30th Jul 2010 rss feed

Protocols in Qatar

Men and Women



Women's rights in Qatar have advanced considerably in recent years. Women can drive, with the permission of the men in their family, and often hold positions of responsibility. Women working in Qatar are often treated with the greatest of respect - see Men's Verdict: No Women Judges.)

Honour is also important for men, and they have a duty to prevent women from bringing shame upon their families.

1. If you are a man don't ask other men about their wives, unless they mention them first. Don't ask their names, don't ask how they are. I have made this mistake before and been gently told off. You can get around this by the polite "How is your family?" Asking about children, on the other hand, is fine.

2. Do not ask a member of the opposite sex to meet you in a closed room. At the very least keep the door open and make sure you are clearly visible through the open door. Men should not object if a woman brings along a close relative to a private meeting. Try to meet in semi-public places like a library.

3. Men should allow women to keep their distance. Avoid all physical contact – although a handshake can be returned if it is initiated by a Muslim woman. Equally, a woman should not initiate a handshake with a Muslim man. If you are a woman and you do not keep your distance from a man, the man might assume you have a sexual interest in them. (Not all men, I'd like emphasize, just some.)

4. Depending on where you work, do not ask a women to remove her neqab (face covering). I know a person who was fired for requesting this – and she was a woman. However, in some institutions, such as the Supreme Education Council, women are discouraged from covering their faces.

Greetings and Physical Contact

While contact between unmarried men and women is anathema, it recently seems to have become acceptable for married couples to hold hands in public. Even Qarari couples (married, of course) can now be seen holding hands in malls and shops.

However, it is quite common for men (unmarried!) to hold hands. The standard greeting between men is also a kiss, usually repeated, on the cheeks. (Bedouins may prefer to touch noses). Unfortunately, I have one Arab friend who always insists on giving me a big bearded kiss, usually accompanied with the words, "Come on John, you're in the Gulf now," as I veer away from him. Thankfully, most Arab men seem happy with a handshake. When shaking hands with an Arab man, make sure you maintain eye contact - it is rude to look away.

Complaining!

 



When I first came to Qatar and asked for something, I wondered why some people in authority would say "No, khalas, finished," to a request. Surely a simple 'no' would do. After a while I realised that the matter rarely was finished. Rather than accepting a no from a person in authority, many people will carry on complaining and fighting – and, as often as not, getting their own way in the end.

This is in fact rooted in culture. While Arabian society has not traditionally been democratic, people have always had access to their leaders, and the ability to air their opinions and complaints.

Talking

Qatari men can be quite quiet and thoughtful.
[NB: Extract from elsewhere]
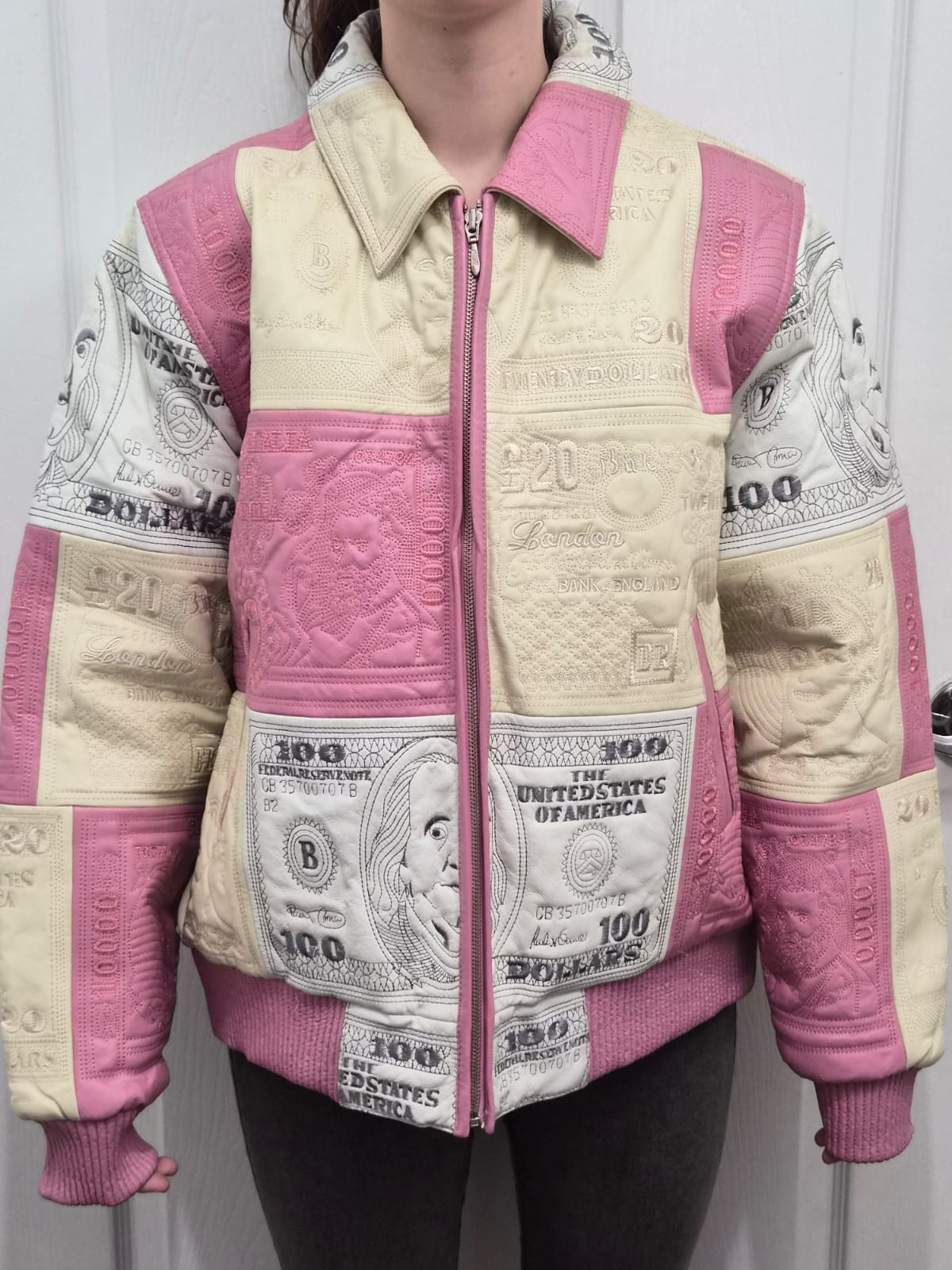 vintage Patchwork leather bomber jacket With Embr… - image 1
However, residents from other Arab countries seem to be uncomfortable with silence. Situations like exams seem to place a real strain on them. On the other hand, interrupting and simultaneous talking are both normal and acceptable, and should not be taken as deliberate rudeness.

Eye contact during conversations is important, although you should avoid staring at women.

Family

Family is immensely important, certainly more important than any business meeting you might have. So if a person has a family problem, expect meetings to be delayed or cancelled. Men also feel they have a duty to protect the honour of the female members of their family.

Politics

Unless your point of view is similar to the general consensus here, it's probably best to steer clear of politics. Israel and Palestine are particularly touchy subjects.

Religion



Islam is the most important part of most Qatar residents' lives, and ranks above friends, country and even family.

1. Discussing religion - Again, unless you are a fellow Muslim, it's just not worth talking about this to people. If you try to convert someone you will be breaking the law, and could be deported. If you want to discuss religion, try Qatar Living, where you can do so safely and anonymously.

2. Mohammed – Do not criticize him. Following the cartoon controversy in newspapers in Europe, this is a particularly sensitive subject.

3. The Koran – Always treat the Koran with utmost respect - many Muslims wash their hands before touching the Koran. Muslims believe that Allah handed down the Koran to Mohammed. As Mohammed was said to be illiterate, this is considered to be a miracle. Challenging this or treating the Koran without the utmost respect is deemed to be heresy. Some Muslims here even object to the Koran being placed under other books.